→ **Data shown**:
+ + + +

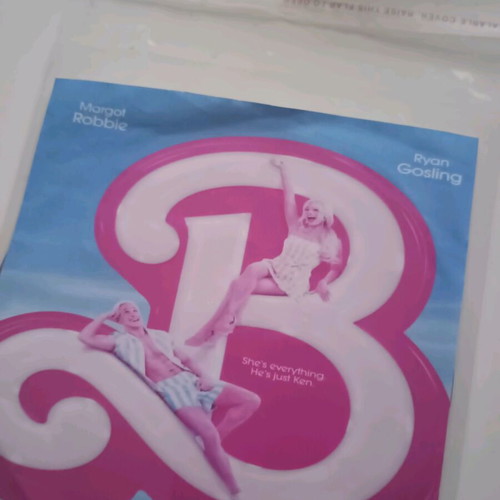 Barbie movie DVD like new with subtitles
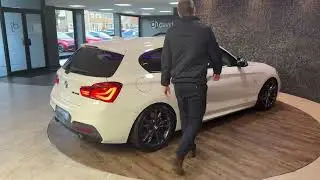 Detailed sales walk round M140i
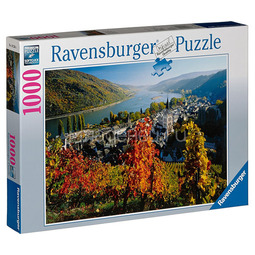 Пазл Ravensburger 1000 элементов Город на Рейне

+ + + +

→ **Work instruction**:
The lines to copy run from the one with "Detailed sales walk round M140i" through the end of the material. Write them out exactly, leaving out the pictures.

→ **Reply**:
 Detailed sales walk round M140i
 Пазл Ravensburger 1000 элементов Город на Рейне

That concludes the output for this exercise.